Over the last few decades, software engineering has continuously evolved through improvements in the tools, practices, and environments we use to build software. We moved from manual deployments to automated pipelines, from on-premise infrastructure to cloud platforms, from siloed delivery teams to product-focused ways of working. Each shift changed not just the technology, but also how teams worked together and how organisations delivered value.
AI is another significant shift, but I think it is different from many of the changes that came before it.
The reason is that AI is not simply improving the tools engineers use. It is beginning to change the relationship between an idea and the software that implements it. For much of my career, a significant part of software delivery has involved translating intent into execution: understanding a problem, designing a solution, writing code, testing assumptions, and iterating until we create something valuable.
AI is starting to compress parts of that process.
This is clearly exciting. The opportunity to reduce repetitive work, accelerate delivery, improve quality, and help teams solve problems faster is significant. But the more interesting question for me is what happens when the ability to create software increases faster than our ability to decide what software we should create.
Because many of the constraints we experience in software organisations have never really been about writing code.
They have been about alignment, decision-making, understanding customer needs, managing complexity, creating shared context, and building organisations that can continuously learn.
This is why I think the impact of AI on software engineering will be much broader than the tools we adopt.
A team can have access to the best AI assistants available and still struggle if the organisation around them is not designed to take advantage of them.
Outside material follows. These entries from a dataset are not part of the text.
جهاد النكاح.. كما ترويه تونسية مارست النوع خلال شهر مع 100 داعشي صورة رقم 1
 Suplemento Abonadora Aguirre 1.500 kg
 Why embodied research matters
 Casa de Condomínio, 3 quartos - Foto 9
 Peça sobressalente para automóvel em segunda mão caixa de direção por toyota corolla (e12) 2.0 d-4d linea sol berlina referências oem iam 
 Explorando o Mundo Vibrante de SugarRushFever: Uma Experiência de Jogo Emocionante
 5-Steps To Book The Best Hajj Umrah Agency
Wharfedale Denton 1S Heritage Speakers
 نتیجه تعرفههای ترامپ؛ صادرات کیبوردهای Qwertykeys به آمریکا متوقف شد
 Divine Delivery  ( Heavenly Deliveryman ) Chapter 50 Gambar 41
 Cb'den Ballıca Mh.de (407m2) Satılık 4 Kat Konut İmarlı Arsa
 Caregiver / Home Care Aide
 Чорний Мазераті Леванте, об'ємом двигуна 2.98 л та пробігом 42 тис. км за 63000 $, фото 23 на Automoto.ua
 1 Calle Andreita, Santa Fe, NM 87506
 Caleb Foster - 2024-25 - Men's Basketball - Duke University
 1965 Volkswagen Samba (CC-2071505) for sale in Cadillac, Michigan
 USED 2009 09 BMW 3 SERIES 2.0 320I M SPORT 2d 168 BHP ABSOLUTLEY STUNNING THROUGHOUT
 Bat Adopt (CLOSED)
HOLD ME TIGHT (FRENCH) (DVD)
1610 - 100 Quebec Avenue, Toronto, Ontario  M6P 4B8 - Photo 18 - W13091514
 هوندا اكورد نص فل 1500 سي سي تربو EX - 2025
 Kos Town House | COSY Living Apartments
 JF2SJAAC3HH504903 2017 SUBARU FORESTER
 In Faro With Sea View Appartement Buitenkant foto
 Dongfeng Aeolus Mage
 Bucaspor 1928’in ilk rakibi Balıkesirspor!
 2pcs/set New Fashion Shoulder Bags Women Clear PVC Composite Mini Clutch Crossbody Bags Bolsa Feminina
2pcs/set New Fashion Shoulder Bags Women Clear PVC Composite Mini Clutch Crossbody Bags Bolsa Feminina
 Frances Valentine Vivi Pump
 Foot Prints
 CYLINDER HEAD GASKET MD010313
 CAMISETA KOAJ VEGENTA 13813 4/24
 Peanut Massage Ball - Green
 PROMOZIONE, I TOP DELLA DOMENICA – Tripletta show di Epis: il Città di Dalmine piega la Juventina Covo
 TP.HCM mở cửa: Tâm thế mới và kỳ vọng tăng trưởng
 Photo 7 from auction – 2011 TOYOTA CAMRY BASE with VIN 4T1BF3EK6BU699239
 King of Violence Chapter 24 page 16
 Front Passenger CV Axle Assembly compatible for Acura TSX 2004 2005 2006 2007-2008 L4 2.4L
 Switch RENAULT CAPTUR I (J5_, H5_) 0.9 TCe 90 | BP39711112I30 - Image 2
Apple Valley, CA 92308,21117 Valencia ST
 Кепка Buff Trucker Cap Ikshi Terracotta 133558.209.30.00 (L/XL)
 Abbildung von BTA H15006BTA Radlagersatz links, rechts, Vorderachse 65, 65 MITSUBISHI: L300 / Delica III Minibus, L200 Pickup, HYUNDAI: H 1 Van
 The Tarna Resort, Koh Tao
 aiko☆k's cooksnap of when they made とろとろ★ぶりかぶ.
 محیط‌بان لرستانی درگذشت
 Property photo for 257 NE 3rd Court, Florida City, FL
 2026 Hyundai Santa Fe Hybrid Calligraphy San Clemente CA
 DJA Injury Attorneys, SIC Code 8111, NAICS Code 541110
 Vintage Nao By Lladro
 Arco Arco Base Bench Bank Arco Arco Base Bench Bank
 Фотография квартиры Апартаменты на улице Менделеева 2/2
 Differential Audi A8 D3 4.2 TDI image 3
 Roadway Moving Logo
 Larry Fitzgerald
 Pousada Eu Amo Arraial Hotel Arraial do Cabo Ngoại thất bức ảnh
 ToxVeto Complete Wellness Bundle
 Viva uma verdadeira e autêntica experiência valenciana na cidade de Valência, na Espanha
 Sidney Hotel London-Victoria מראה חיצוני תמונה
If teams are unclear on outcomes, if decision-making is slow, if architecture creates friction, or if governance relies on manual processes, AI will not remove those constraints.
In some cases, it may actually make them more visible.
When the cost of producing software decreases, the cost of producing the wrong software becomes more significant. When teams can deliver more quickly, the importance of choosing the right problems to solve increases.
The bottleneck moves.
This changes what we need to think about when we talk about engineering capability.
Technical skills will continue to matter. Understanding systems, architecture, quality, security, and reliability will remain essential. But the capabilities that differentiate effective engineers and leaders will increasingly include curiosity, judgement, communication, and the ability to work across boundaries.
The engineer of the future will not just be measured by how much code they can produce. They will be measured by how effectively they can understand complex problems, use the capabilities available to them, and create outcomes that matter.
This is not a new idea. The best engineers have always done this. They have always been problem solvers rather than simply code producers.
AI just changes the environment in which those skills are applied.
For technology leaders, this creates a different challenge.
The question is not only how do we introduce AI tools into our organisations?
The more important questions are:
Do our teams have the operating model required to benefit from these capabilities?
Do our platforms and architectures reduce friction or create it?
Do our governance practices enable responsible experimentation?
Do we have enough organisational adaptability to absorb this change?
This is why I believe the future of software engineering is not primarily a tooling problem.
It is an organisational design problem.
The organisations that benefit most from AI will not necessarily be the ones that adopt the technology fastest. They will be the ones that have built the foundations that allow people, teams, and technology to work together effectively.
AI may change how we build software.
But our ability to benefit from it will depend on how well we have designed the organisations that build it.